In his interlinking studies, he investigated the permutations of a series of distinct folklore motifs in a wide range of Brahmanical, Buddhist, Jain and folk narrative literature. Among the analyzed literary motifs were talking birds, the consequences of accidentally overhearing conversations, entering another person's body, women's pregnancy cravings, stealing, organised brigandage and false ascetics and nuns. In many stories, a parrot or other bird that can mimic human speech overhears what a human character thinks is a confidential message. The plot of the story takes a radical turn when the bird repeats the message in the hearing of another human character. Closely related to this is the motif of an accidentally overheard conversation, which can result in similarly unexpected outcomes. A third way in which stories take a dramatic turn is when one character enters the body of another. Stories involving women's pregnancy cravings can involve the husbands undertaking actions they would normally shun as they seek to satisfy their pregnant wives' requests for unusual food. Many Indian stories describe the activities of organised brigands, reminding us that travel has not always been as safe as it is nowadays. These stories sometimes overlap with many stories that describe the mischievous deeds of false monks and nuns. Such stories served as valuable social function for teaching people of the need always to test whether or not someone who appears to be a monk or nun is really who he or she claims to be. While the majority of renouncers in Indian history have been legitimate spiritual seekers, every generation has seen its fair share of rogues and fakes.
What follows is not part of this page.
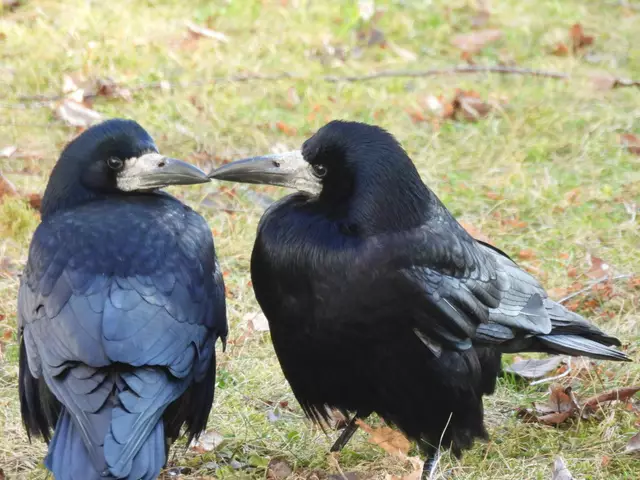 Auch Krähen können sich romantisch Tief in die Augenschauen | Foto: Zuzana Kobesova 2025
In these studies Bloomfield did not treat Jain literature as separate or distinct from Hindu, Buddhist and folk literatures. Instead, he saw them all as overlapping parts of a pan-Indian 'ocean of story'. Jain literature occupies a central place in such a study, for, as the German scholar Johannes Hertel observed in 1922, "during the middle ages down to our days the Jains were the principal story tellers of India."

An important result of Bloomfield's research into medieval Indian narrative literature was in 1919 'The Life and Stories of the Jaina Saviour Parsvanatha', published by the Johns Hopkins University Press. This was the very first book on Jainism published in the United States. It has been reprinted only once, in 1984 by a small publisher in Delhi. As a result, today it is unfortunately only available in specialised research libraries. In this book Bloomfield gave a detailed synopsis of the fourteenth-century Parsvanatha Charitra of the Shvetambara monk Bhavadevasuri. In medieval times the telling of the life of Parsvanatha expanded to include the telling of the previous lives of both Parsvanatha and his foe Kamatha. This extended biographical frame allowed Bhavadevasuri to explain in great detail the workings of karma. Deeds, words and thoughts in one life are shown to bear karmic fruit over many future births in hellish and heavenly realms, as animals and as humans. Many of the stories in the biographies of Parsvanatha are distinctively Jain, and not found in any other literary milieus of medieval India. But many other stories are shared with other literary traditions in India. They are found in Hindu and Buddhist literature and folk literature. Bloomfield well understood that the study of Jain narrative literature is essential for an adequate understanding of medieval Indian literature. Bloomfield accompanied his 155-page digest of the text with detailed notes on the various literary motifs, proverbs and linguistic issues raised by the text.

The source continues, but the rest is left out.